The law, Teahan and Penagos agreed, is ambiguous as written and is open to conflicting interpretations. Indeed, some paragraphs are contradictory — one reason why writing new definitions is so important.

Data transfer is an example. One draft of the law said data could only be sent to countries that had an “equivalent” law to Argentina's on the books, a much tougher provision than the EU's, which asks for “adequate” protection and allows company-to-company agreements.

But the final draft changed “equivalent” to adequate and seems to allow data transfer within companies.

Charles Prescott, the US DMA's international vice president, noted that Argentina, unlike Italy, recognizes no higher authority in implementing the law. The EU has already told Italy that its law is unacceptable and must be changed. Argentina has no international body to answer to.

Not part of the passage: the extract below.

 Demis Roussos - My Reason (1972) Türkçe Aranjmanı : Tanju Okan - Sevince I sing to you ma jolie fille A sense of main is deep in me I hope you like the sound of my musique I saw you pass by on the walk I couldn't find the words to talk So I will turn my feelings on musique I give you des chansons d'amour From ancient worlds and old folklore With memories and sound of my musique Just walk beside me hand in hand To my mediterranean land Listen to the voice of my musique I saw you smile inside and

The US Council for International Business sent a letter to the American ambassador in Argentina and to other US officials, expressing concern about the law and asking the US government to intervene.

The council's David Ferris said the Argentine law could be worse than the EU's directive, since as it is written, Argentina would have to conclude treaties with third countries to assure adequacy. The EU negotiated safe harbor provisions with the US to allow data transfer.

Ferris also noted that the law could not only hurt US interest, but also damage the Argentine economy, “which already is not doing that great.” Teahan shares his concerns.

She believes that divergent interpretations of the law come from sloppy drafting and can be fixed through the regulatory process. But she worries that US DM companies will stop investing in Argentina.

“Lawyers will read the law — as they are already doing — and tell management that's what it says, but not how the law will be interpreted, and thus scare off investors,” she said.